Doctrinalmente y según reputados
autores, los jariyíes o secesionistas serían “musulmanes
fanáticos decididos a mantener las tradiciones de La Meca a
toda costa”. En cuanto a las masas conversas a la nueva
religión triunfante entendían que debían no solo aceptar,
sino cumplir al menos, los pilares de la nueva fé (Unicidad
de Dios, Mahoma como último Mensajero, la oración, el
impuesto para los pobres, el ayuno, la peregrinación y la
defensa del Islam); además y en un rasgo de puritanismo que
los caracteriza exigían a todo musulmán llevar una vida
exenta de pecado, rasgo doctrinal que los emparenta con el
salafismo actual más radical conduciéndolos al concepto de “takfir”,
asumido hoy día por la ideología del “yihadismo” terrorista:
un musulmán nominal que comete actos prohibidos por el Corán
deja automáticamente de serlo convirtiéndose, de hecho y de
derecho, en objetivo legítimo a batir (asesinar, para ser
claros), idea extremista asumida en la década de los noventa
por el terrorismo del GIA (“Grupo Islámico Armado) en
Argelia, así como por “Al Qaïda” y algunos grupos
terroristas marroquíes, cuyo precedente doctrinal podemos
rastrear en las atroces matanzas (“isti´rad”) sin distinción
de edad o sexo practicadas por los jariyíes, para los que
era lícito ejecutar no solo al reo de pecado grave sino a su
familia. El tercer califa, Otmán, no los veía con muy buenos
ojos pues su extremismo fanático lastraba la expansión
imperial del Islam por lo que alentó (observe el lector la
imbricación inicial del Islam entre religión y poder) una
secta rival, la de los “mury´a” (los que aplazan el juicio),
quienes defendían que la piedad de cualquier musulmán solo
podía corresponder a Alláh/Dios. Quienes infringían la
“sharia” o ley islámica debían ciertamente ser castigados,
pero seguían siendo musulmanes; lo importante, recalcaban,
era la observancia externa y el acatamiento al gobierno del
califa. Enfurecida, una turba jariyí asesinó al tercer
califa Otmán en La Meca, en el 656 de la Era Común. Junto a
la extremista idea de “takfir” los jariyíes asumieron el
concepto de que cualquier musulmán intachable, sin
distinción de condición o raza ¡aunque se tratara de un
esclavo negro!, podía ser elegido califa. Este, obviamente,
era un planteamiento revolucionario y claramente
desestabilizador para el poder tradicional tanto antes… como
ahora. Un detalle: la intransigencia contra los malos
musulmanes contrastaba, en el jariyismo histórico, con la
tolerancia mostrada hacia la “Gente del Libro”, judíos y
cristianos, mucho más benevolente que en el Islam
tradicional sunní y shií. Aceptaban incluso a éstos en pie
de igualdad si recitaban la “sahada” (profesión de fe
musulmana), modificando la referencia a Mahoma por entender
que el Profeta había sido enviado expresamente a los árabes.

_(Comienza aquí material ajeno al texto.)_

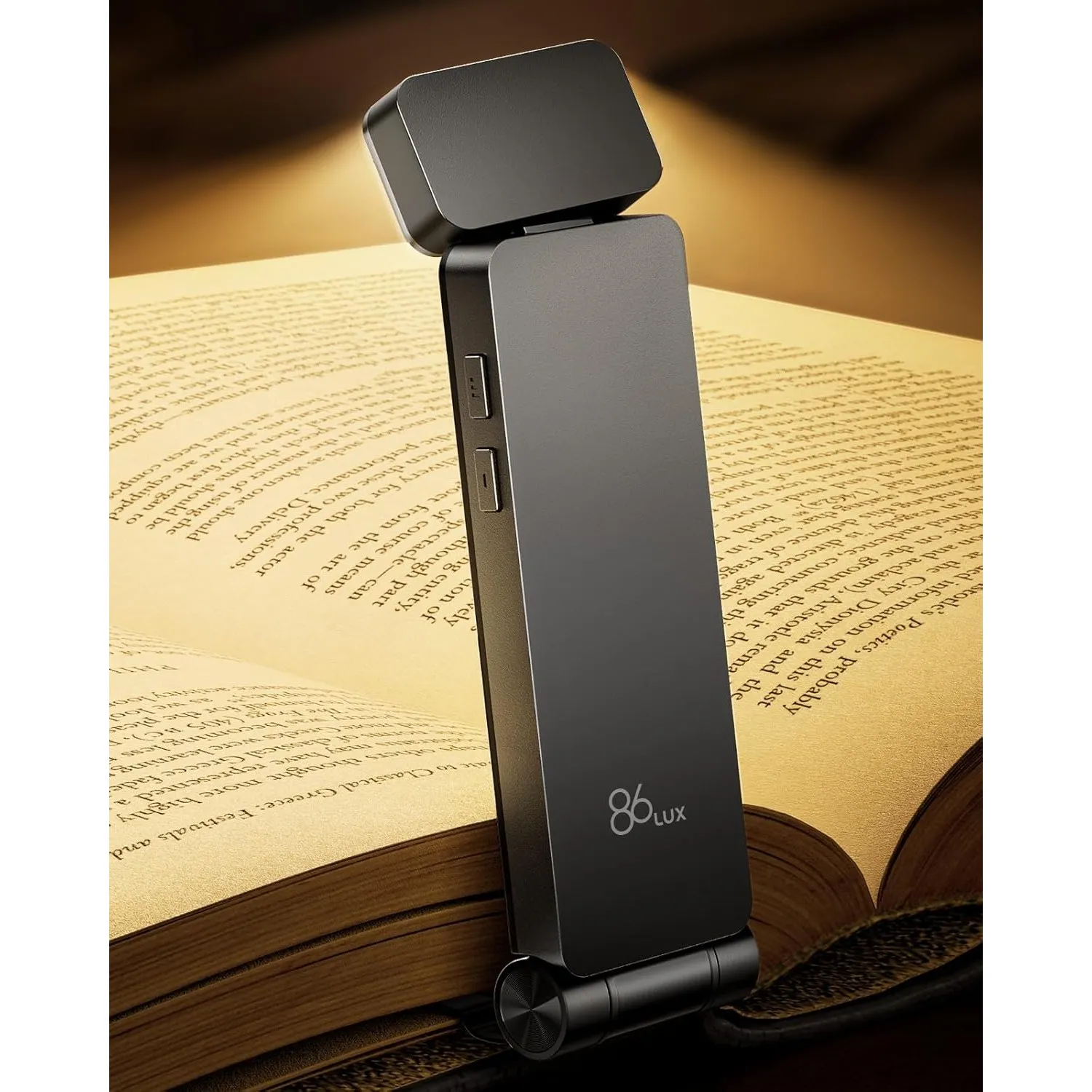 86lux Leselampe Buch Klemme，Wiederaufladbare Buchlampe zum Lesen im Bett，Ultraleichte LED Klemmlampe mit 3 Bernsteinfar…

Tremendamente igualitarios además de rigoristas,
consideraban apócrifa e interpolada (además de indigna) la
azora 12 del Corán, referente a la historia de José en
Egipto. Una secta directamente emparentada con el Jariyismo
es la de los Ibadíes, rama moderna y moderada cuyos
pormenores dejaremos para un viernes de éstos, así como
algunos apuntes históricos (con su proyección actual) sobre
la gran revuelta jariyí del Maghreb y su plasmación en el
reino rustemí de Tiaret, entre el 761 y el 908.